* What is expected: Leave out the pictures and output exactly the lines below from the one with "Premium Vector Dental" down to the one with "Exchange environments", both of them included.

* Source records:
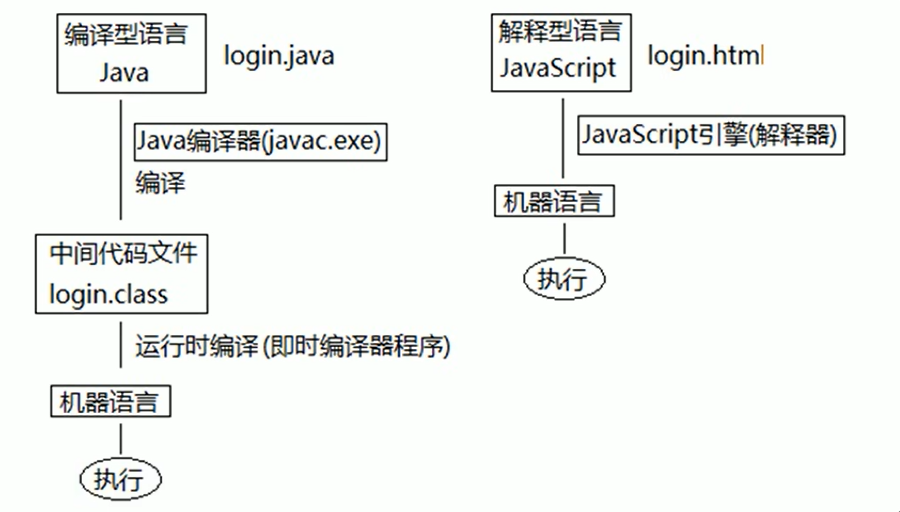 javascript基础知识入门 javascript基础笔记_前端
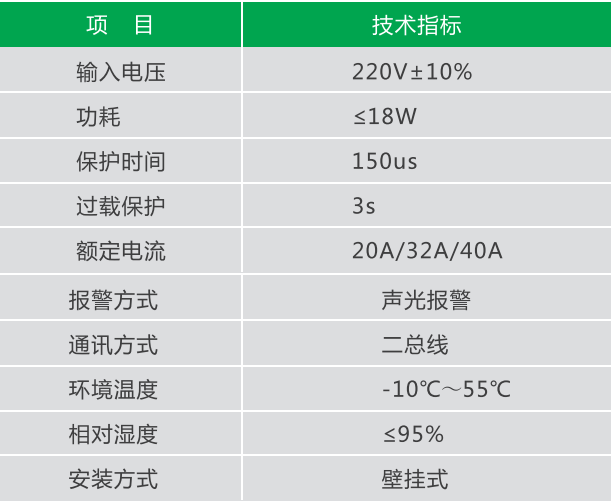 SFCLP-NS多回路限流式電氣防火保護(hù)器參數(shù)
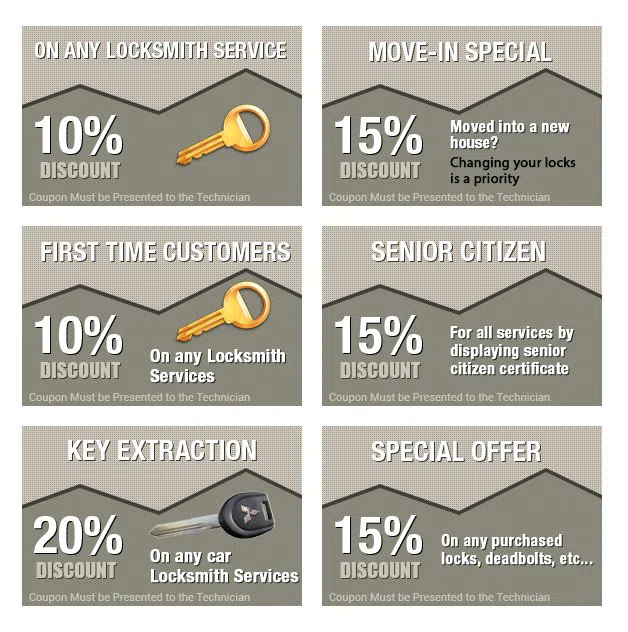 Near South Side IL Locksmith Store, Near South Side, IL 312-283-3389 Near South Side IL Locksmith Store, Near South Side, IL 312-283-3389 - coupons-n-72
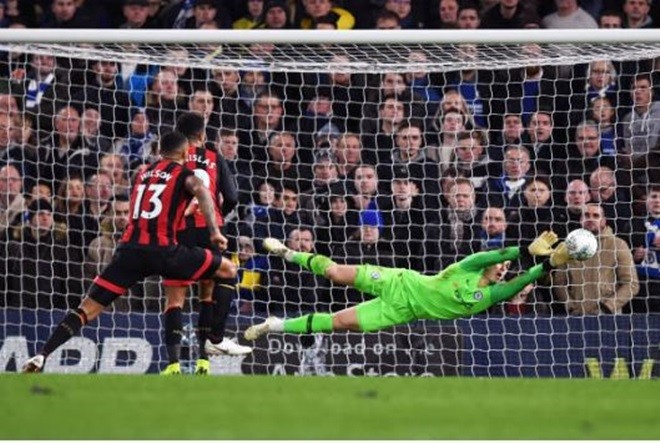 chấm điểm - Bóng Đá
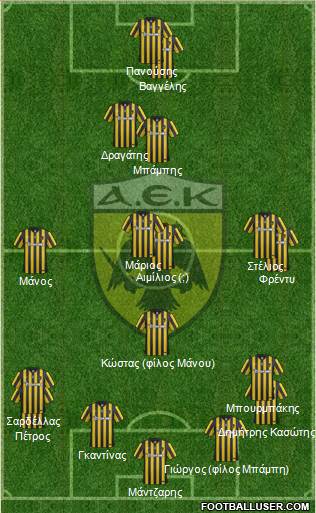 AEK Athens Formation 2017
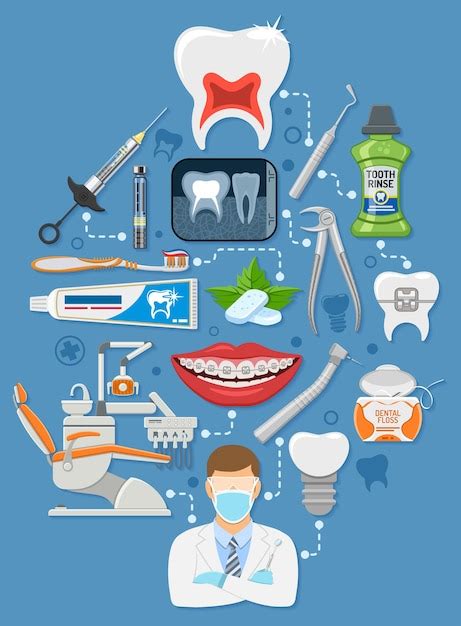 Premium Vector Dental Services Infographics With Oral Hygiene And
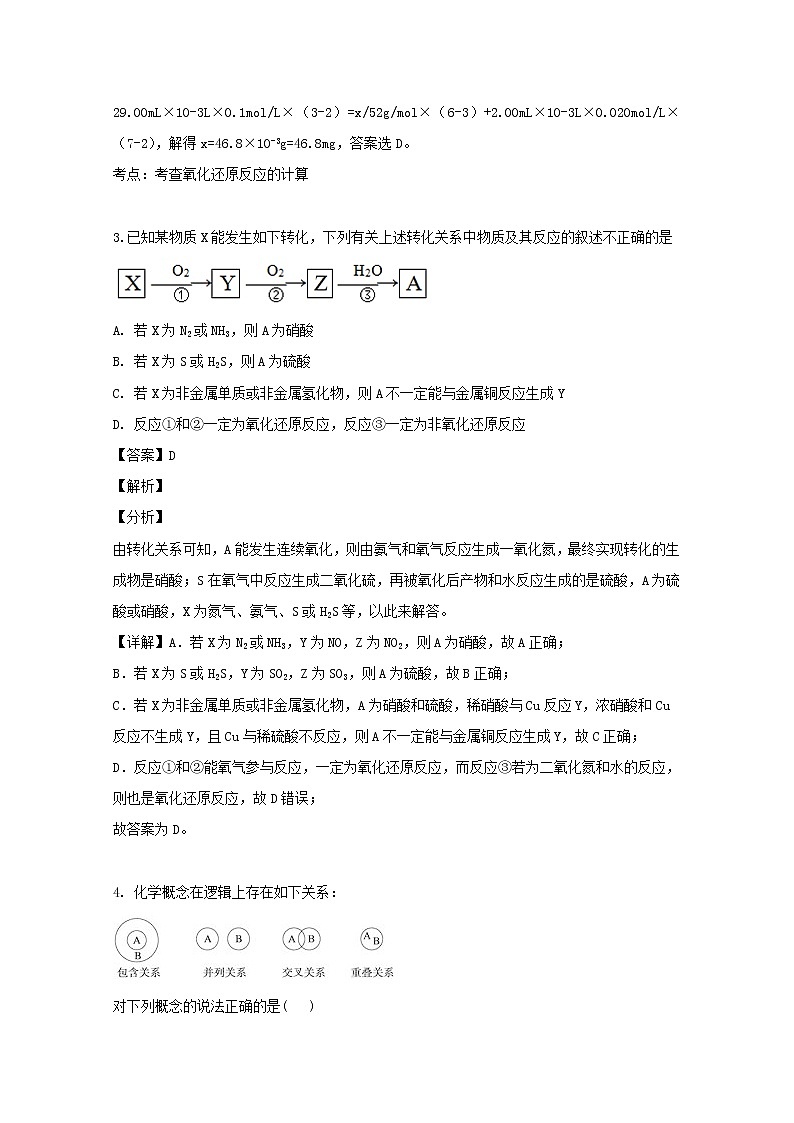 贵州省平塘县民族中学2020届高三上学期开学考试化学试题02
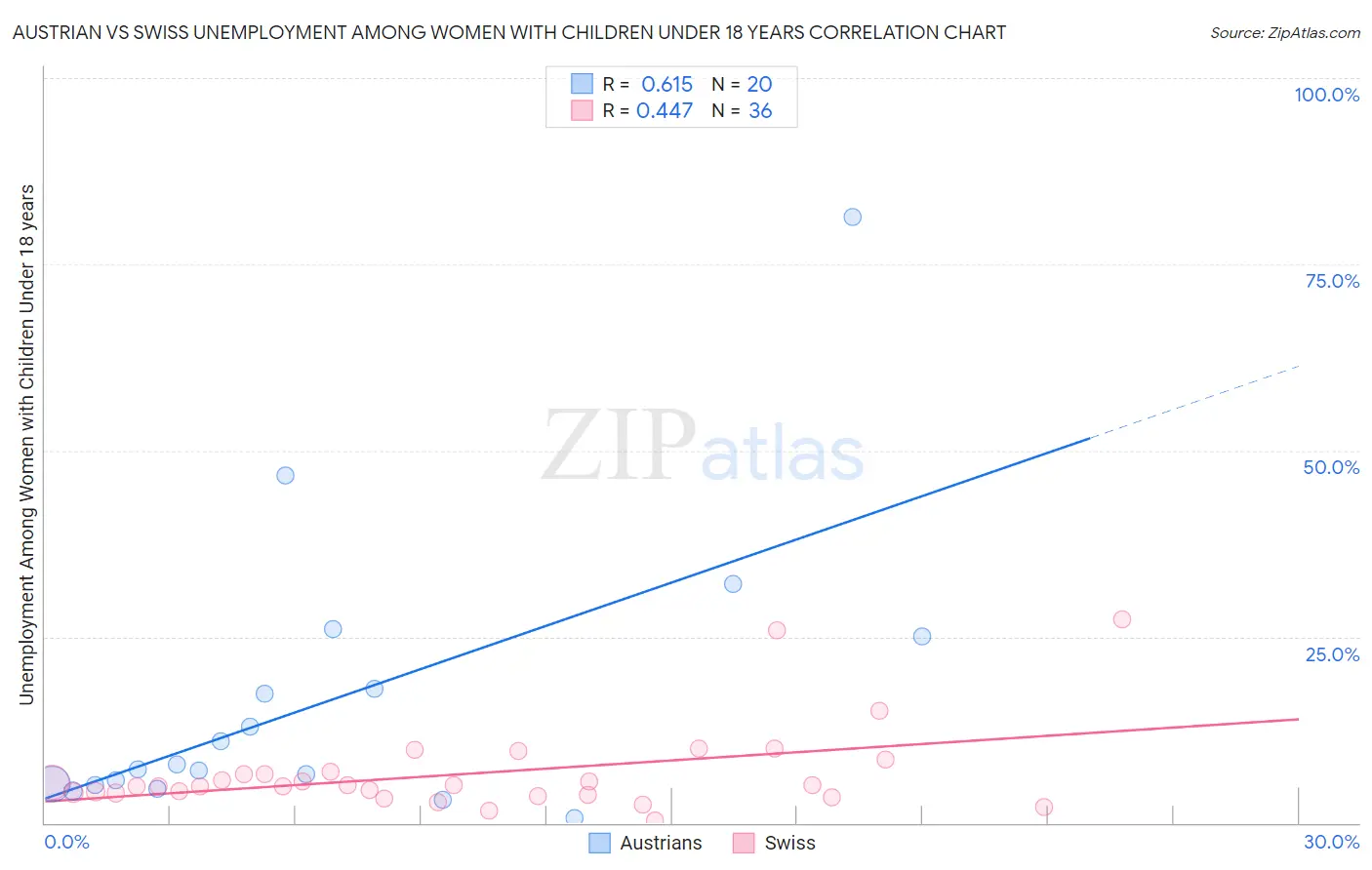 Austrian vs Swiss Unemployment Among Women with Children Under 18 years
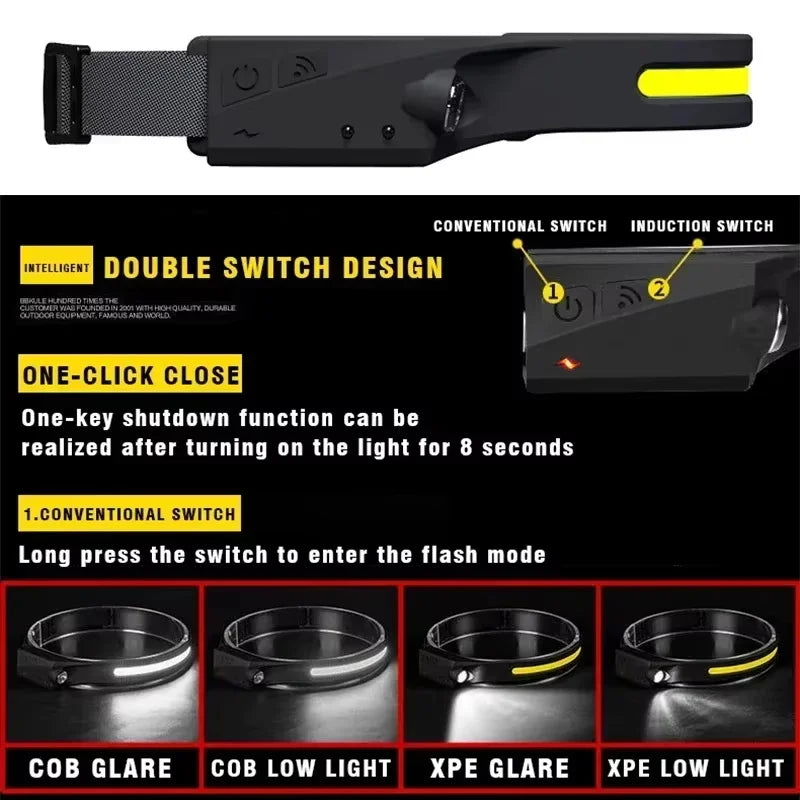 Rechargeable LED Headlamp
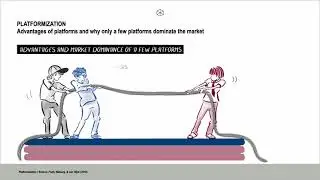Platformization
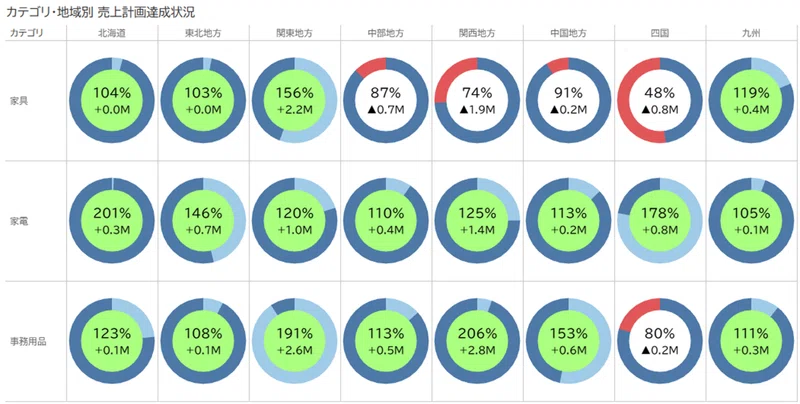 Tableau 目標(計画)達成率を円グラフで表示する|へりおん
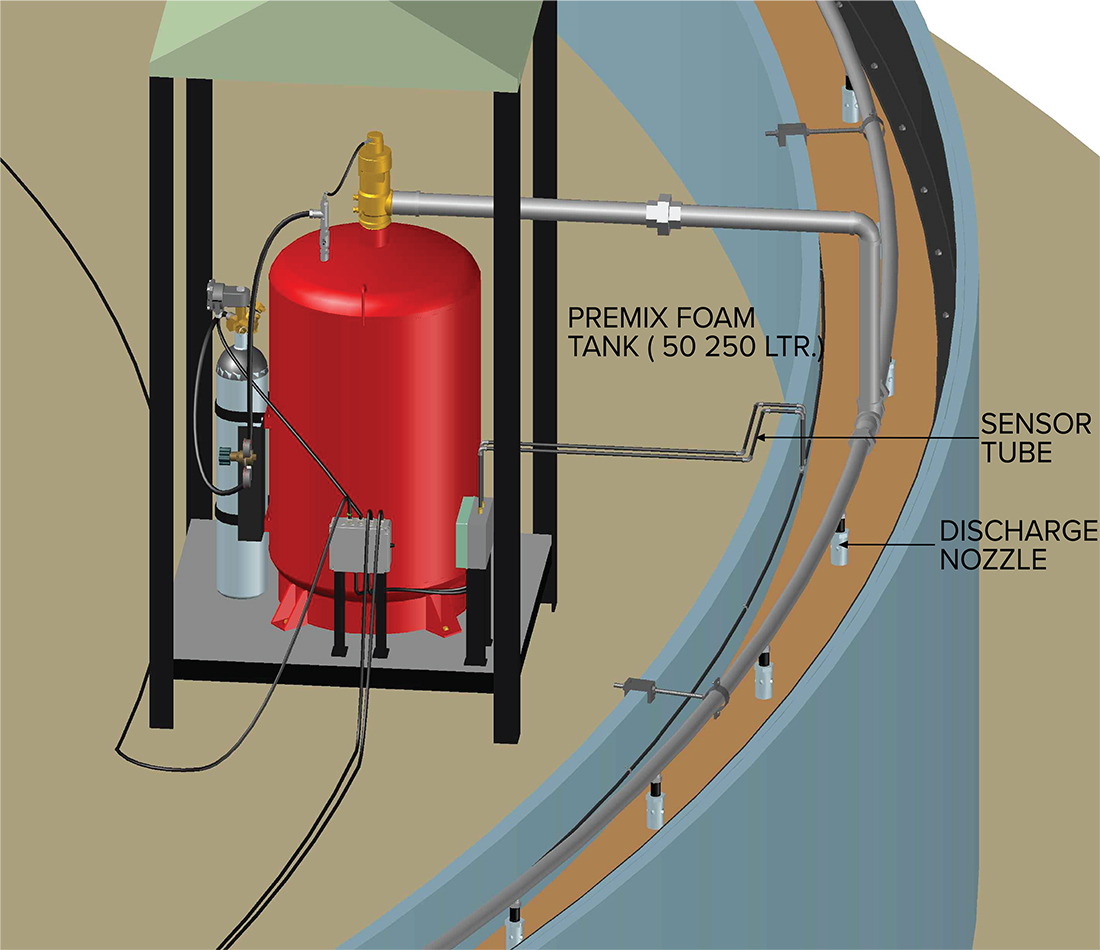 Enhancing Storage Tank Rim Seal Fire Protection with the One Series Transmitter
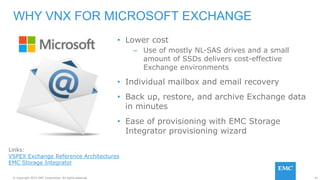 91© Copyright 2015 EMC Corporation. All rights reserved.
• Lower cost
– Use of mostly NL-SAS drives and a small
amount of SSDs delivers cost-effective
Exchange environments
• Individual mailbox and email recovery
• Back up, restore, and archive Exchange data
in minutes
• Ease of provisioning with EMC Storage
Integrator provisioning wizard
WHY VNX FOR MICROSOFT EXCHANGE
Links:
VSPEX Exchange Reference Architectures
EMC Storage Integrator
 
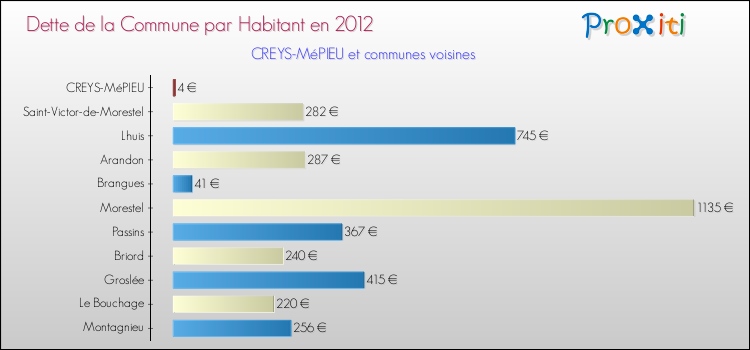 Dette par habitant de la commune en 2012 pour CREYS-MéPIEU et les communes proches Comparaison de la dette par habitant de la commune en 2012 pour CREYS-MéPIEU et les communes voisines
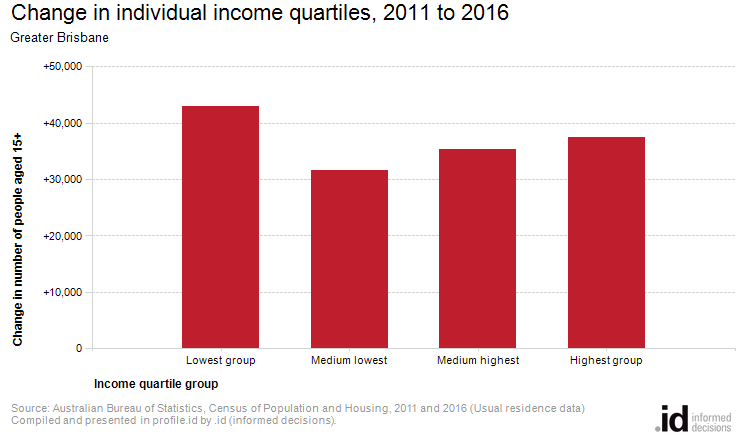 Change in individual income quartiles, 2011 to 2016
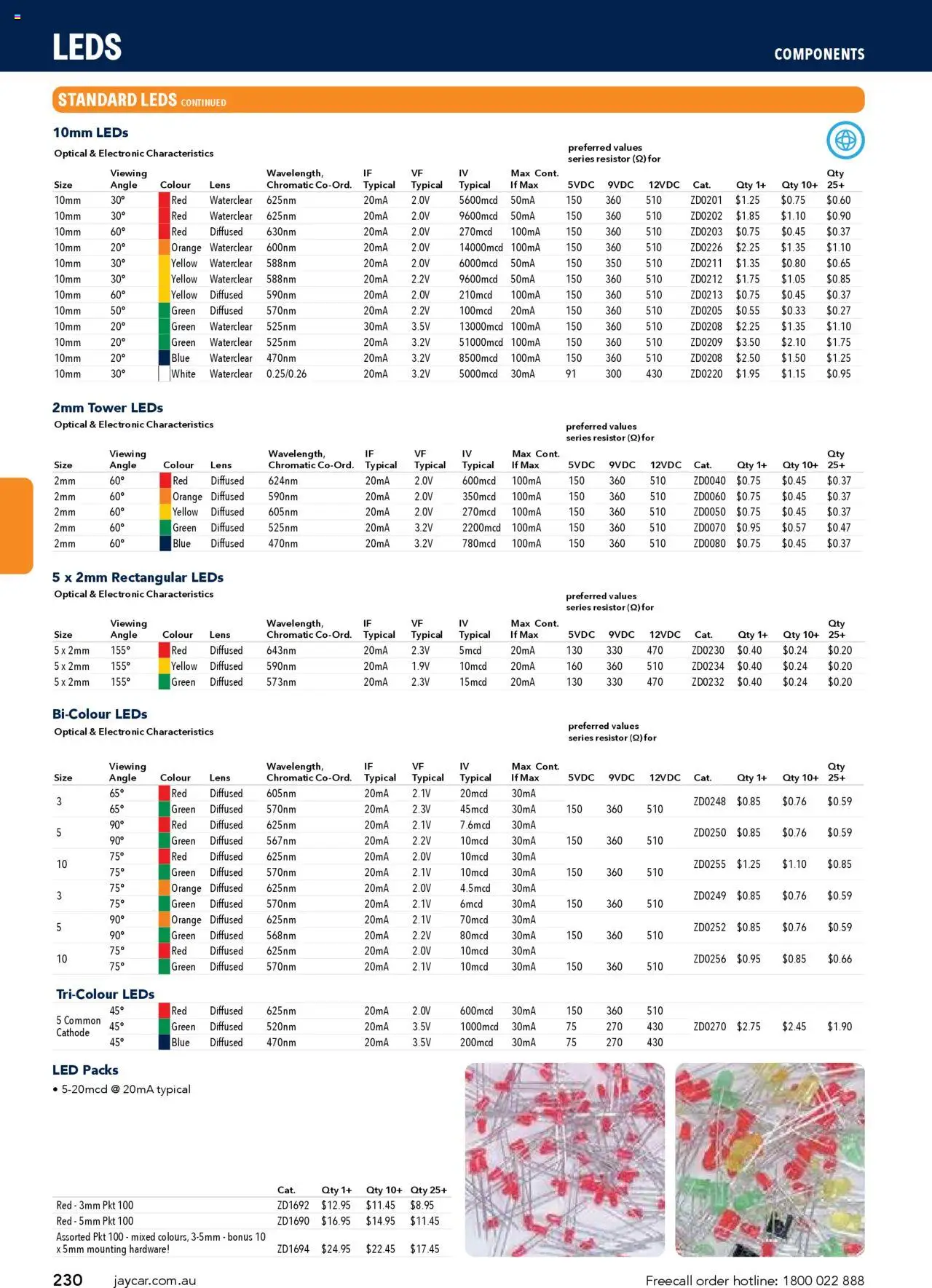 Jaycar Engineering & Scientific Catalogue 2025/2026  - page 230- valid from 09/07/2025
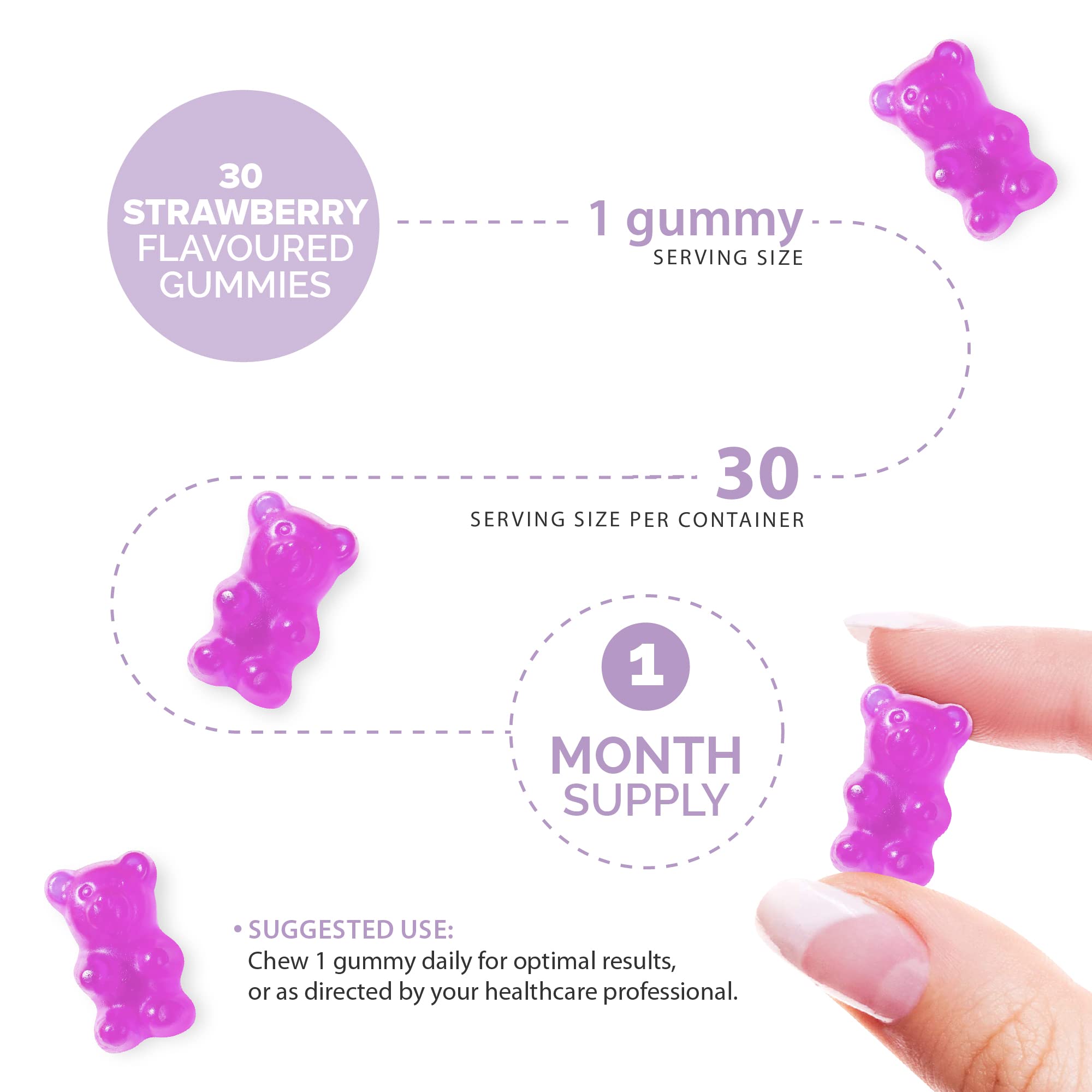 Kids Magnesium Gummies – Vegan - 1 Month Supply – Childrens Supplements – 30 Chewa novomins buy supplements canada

* Answer space:
 Premium Vector Dental Services Infographics With Oral Hygiene And
 贵州省平塘县民族中学2020届高三上学期开学考试化学试题02
 Austrian vs Swiss Unemployment Among Women with Children Under 18 years
 Rechargeable LED Headlamp
Platformization
 Tableau 目標(計画)達成率を円グラフで表示する|へりおん
 Enhancing Storage Tank Rim Seal Fire Protection with the One Series Transmitter
 91© Copyright 2015 EMC Corporation. All rights reserved.
• Lower cost
– Use of mostly NL-SAS drives and a small
amount of SSDs delivers cost-effective
Exchange environments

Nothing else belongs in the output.